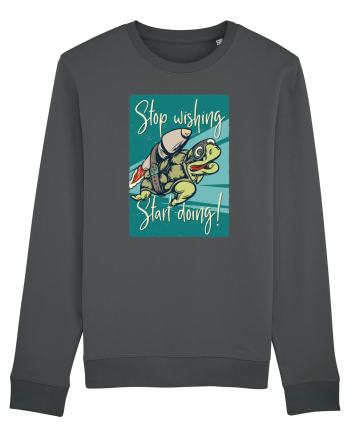 Stop wishing Start doing! Anthracite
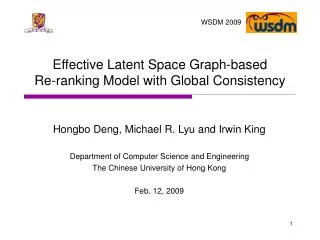 Effective Latent Space Graph-based Re-ranking Model with Global Consistency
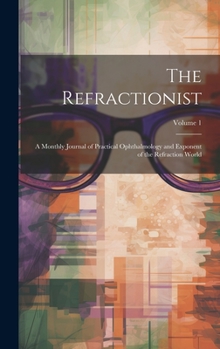 Hardcover The Refractionist: A Monthly Journal of Practical Ophthalmology and Exponent of the Refraction World; Volume 1 Book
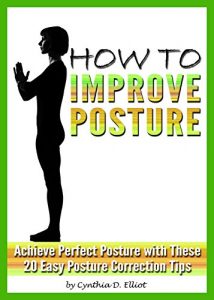 Baixar How to Improve Posture: Achieve Perfect Posture with These 20 Easy Posture Correction Tips (English Edition) pdf, epub, eBook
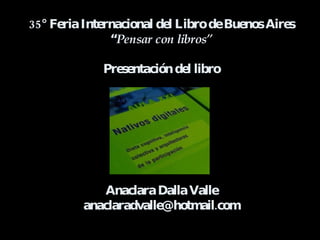 35° Feria Internacional del Libro de Buenos Aires “ Pensar con libros” Presentación del libro Anaclara Dalla Valle [email_address] 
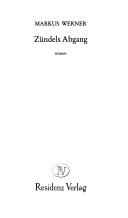Zündels Abgang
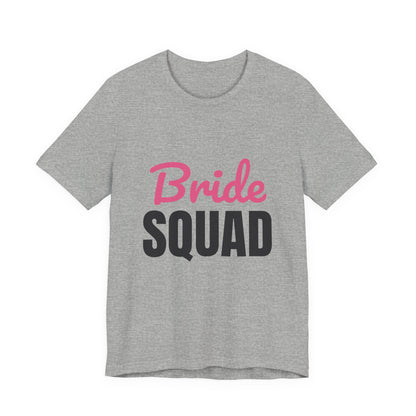Bride Squad Shirt, Bachelorette Party T-Shirt, Bridesmaid Gift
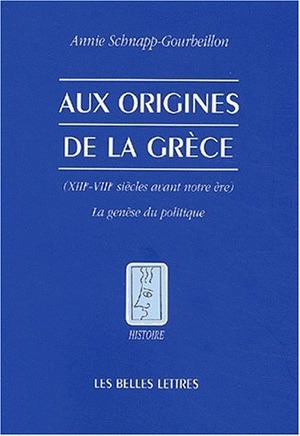 La Grèce archaïque, XIIe-VIIIe siècles : genèse du politique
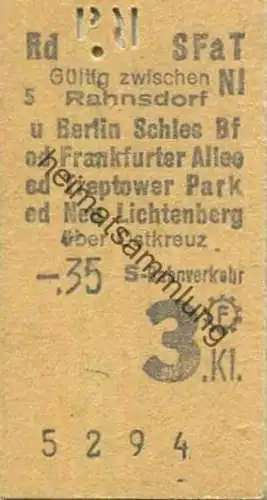 Deutschland - Berlin - Gültig zwischen Rahnsdorf und Berlin Schlesischer Bahnhof oder Frankfurter Allee oder Treptower P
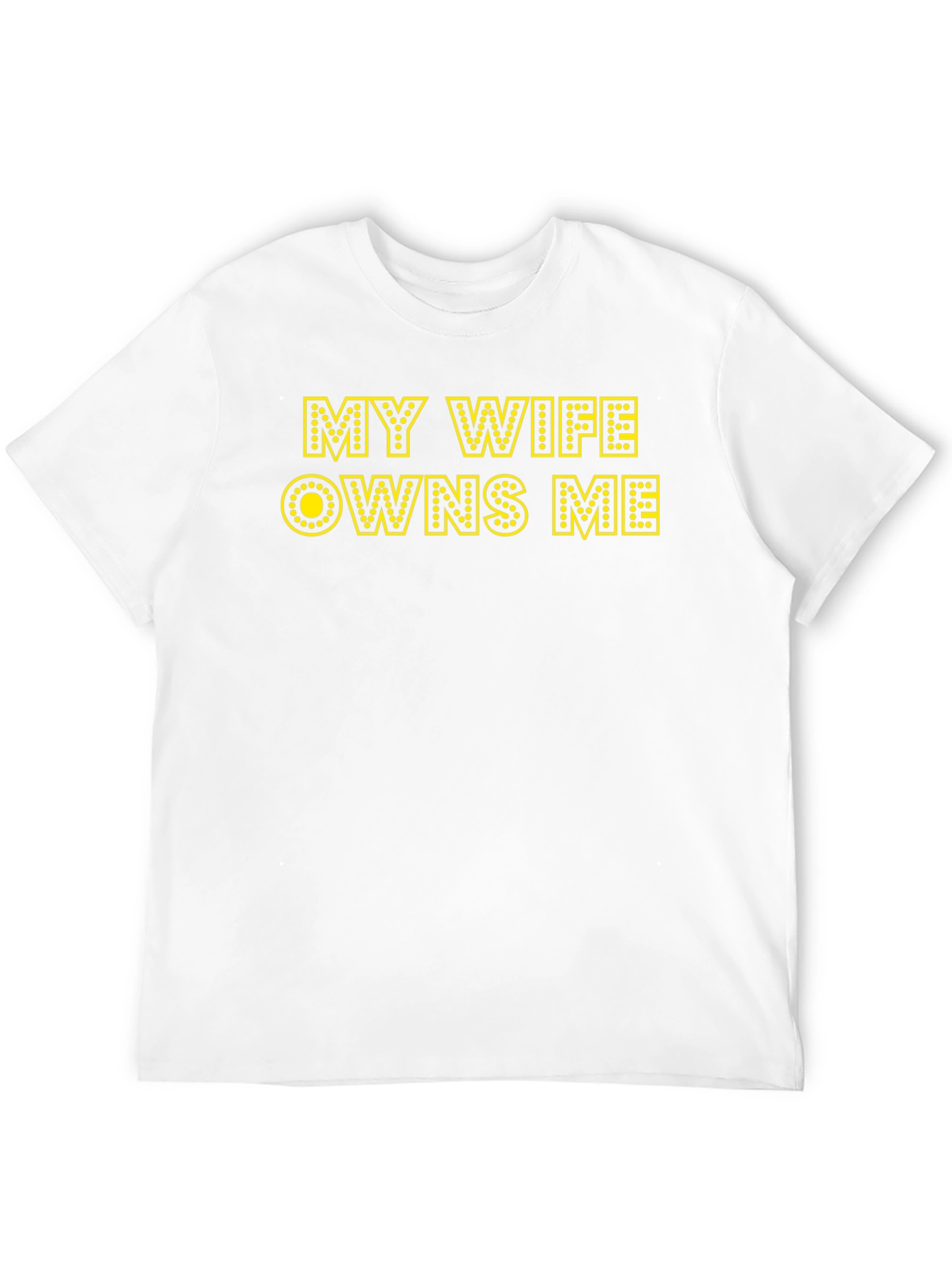 My Wife Owns Me Graphic T-Shirt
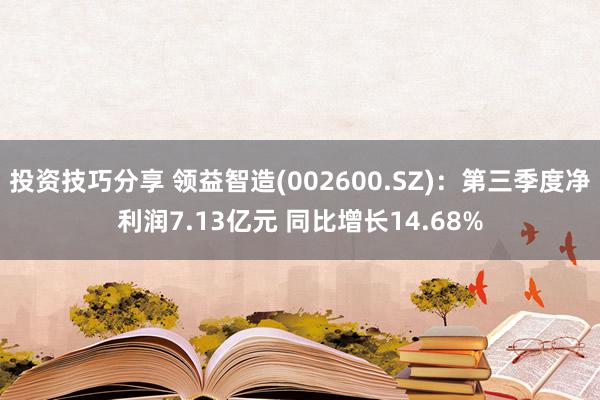 投资技巧分享 领益智造(002600.SZ)：第三季度净利润7.13亿元 同比增长14.68%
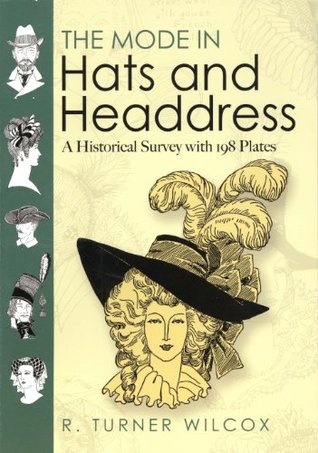 The Mode in Hats and Headdress: A Historical Survey with 198 Plates (Dover Fashion and Costumes)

### Your objective
Leaving each picture behind, please give again exactly the lines above from the one with "Effective Latent Space" through the one with "Baixar How to", both included, and no others.

### Reply
 Effective Latent Space Graph-based Re-ranking Model with Global Consistency
 Hardcover The Refractionist: A Monthly Journal of Practical Ophthalmology and Exponent of the Refraction World; Volume 1 Book
 Baixar How to Improve Posture: Achieve Perfect Posture with These 20 Easy Posture Correction Tips (English Edition) pdf, epub, eBook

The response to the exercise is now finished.